WORKING DATA:

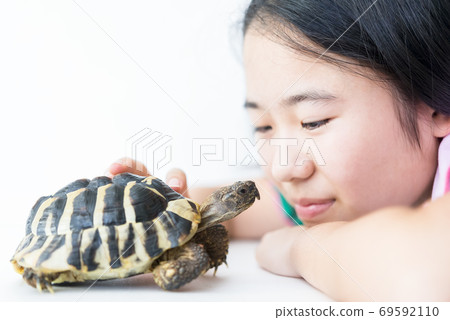 女孩和寵物烏龜 女孩和寵物烏龜 69592110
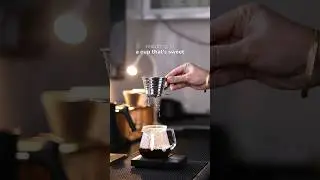 Пивоварня Kalita Wave Brewer &mdash; все, что вам нужно знать!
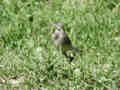 Bergeronnette grise Motacilla alba alba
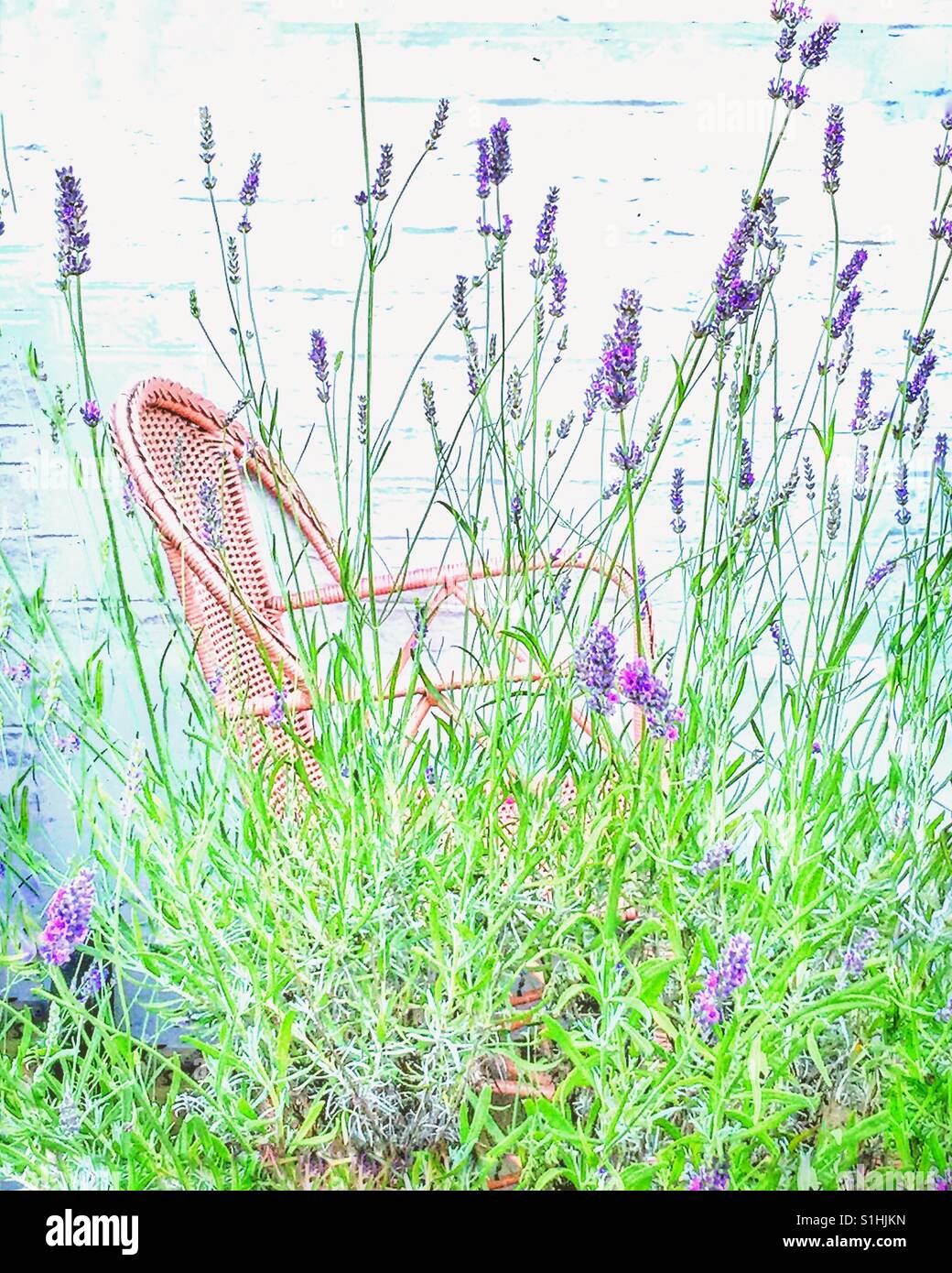 Garden chair with Lavender flowers. - Smartphone Captured Stock Image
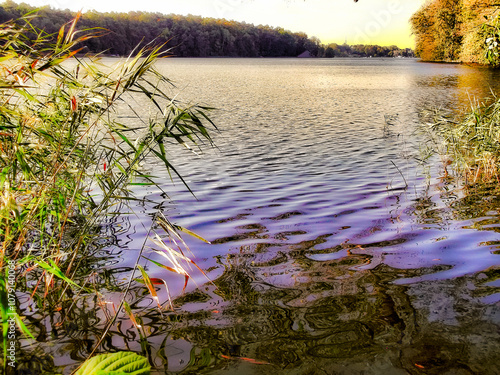Obraz na płótnie Ein See am Morgen im Herbst in der Uckermark w salonie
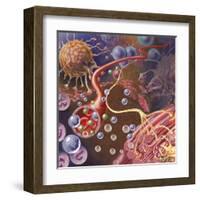 Nerve Ending, Seen in Lower Right, Sends Pain Message from Injured Muscle-null-Framed Art Print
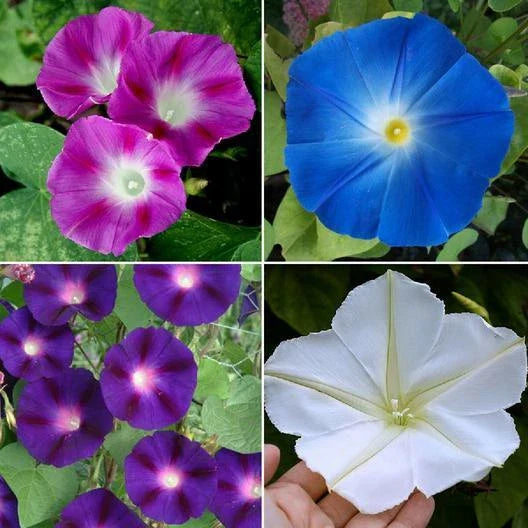 Morning Glory Seeds - TOP O' THE MORNING Mix - Tall Vine, Hummingbird Attracting, Non-GMO - 100 Seeds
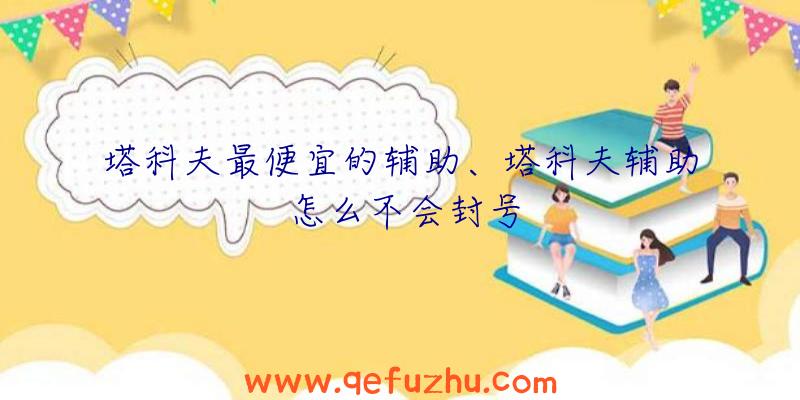 塔科夫最便宜的辅助、塔科夫辅助怎么不会封号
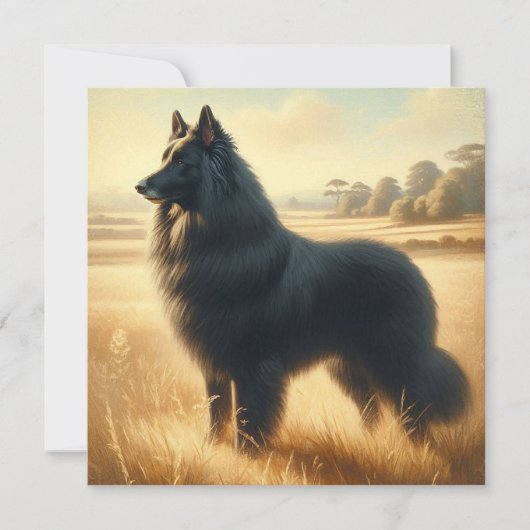 Belgian Sheepdog カード (正面)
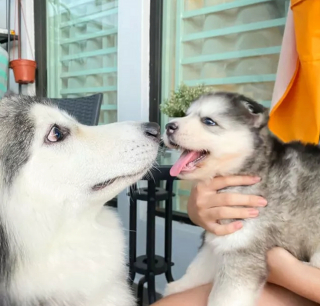 Illustration de l'article : 16 photos de chiens maîtrisant l'art des pitreries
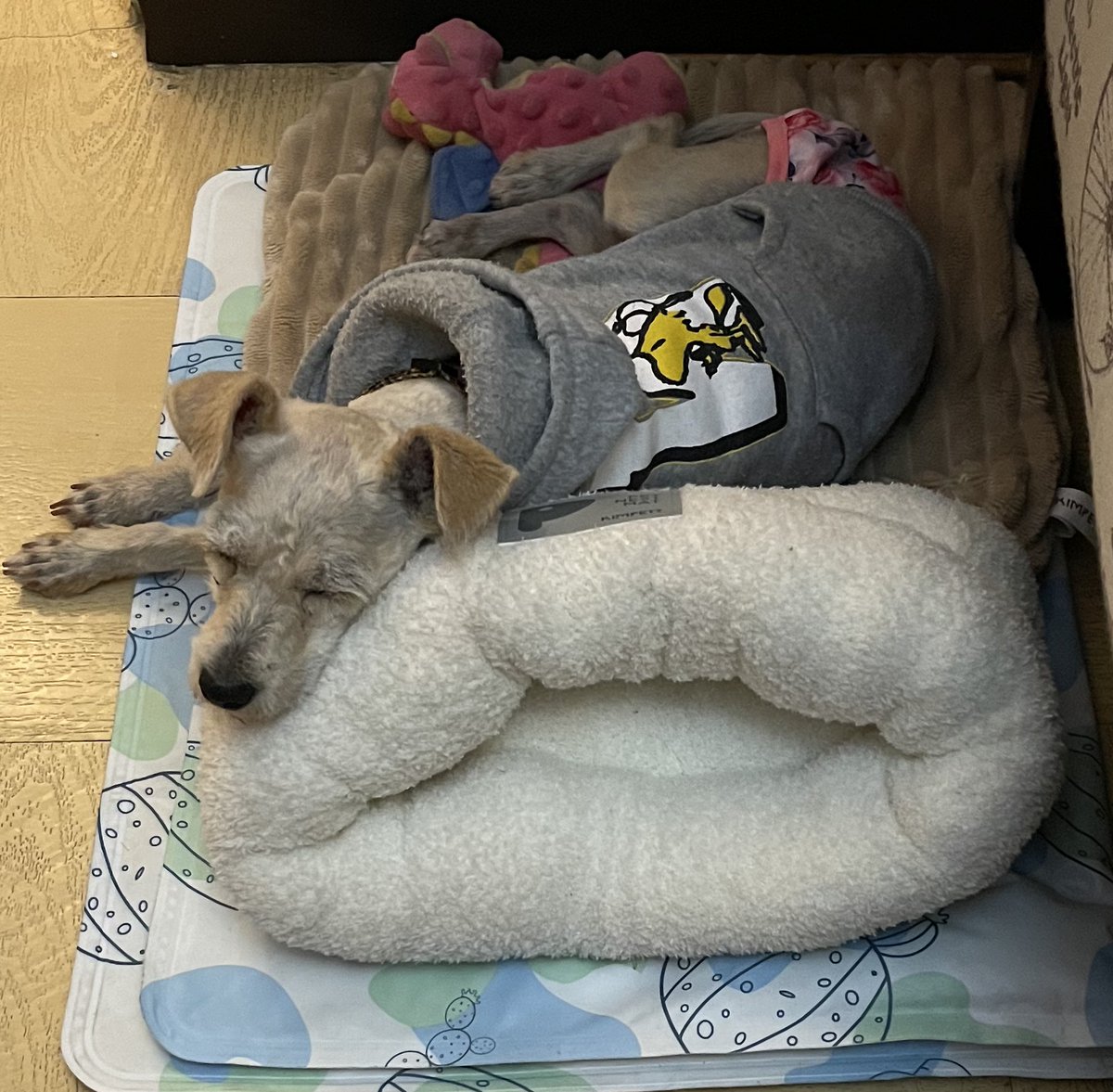 Amo este tuid ❤️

DIRECTIONS FOR THIS TASK: Pictures are to be left out when the entries above are repeated exactly.

EXERCISE RESPONSE:
 女孩和寵物烏龜 女孩和寵物烏龜 69592110
 Пивоварня Kalita Wave Brewer &mdash; все, что вам нужно знать!
 Bergeronnette grise Motacilla alba alba
 Garden chair with Lavender flowers. - Smartphone Captured Stock Image
Obraz na płótnie Ein See am Morgen im Herbst in der Uckermark w salonie
 Nerve Ending, Seen in Lower Right, Sends Pain Message from Injured Muscle-null-Framed Art Print
 Morning Glory Seeds - TOP O' THE MORNING Mix - Tall Vine, Hummingbird Attracting, Non-GMO - 100 Seeds
 塔科夫最便宜的辅助、塔科夫辅助怎么不会封号
 Belgian Sheepdog カード (正面)
 Illustration de l'article : 16 photos de chiens maîtrisant l'art des pitreries
 Amo este tuid ❤️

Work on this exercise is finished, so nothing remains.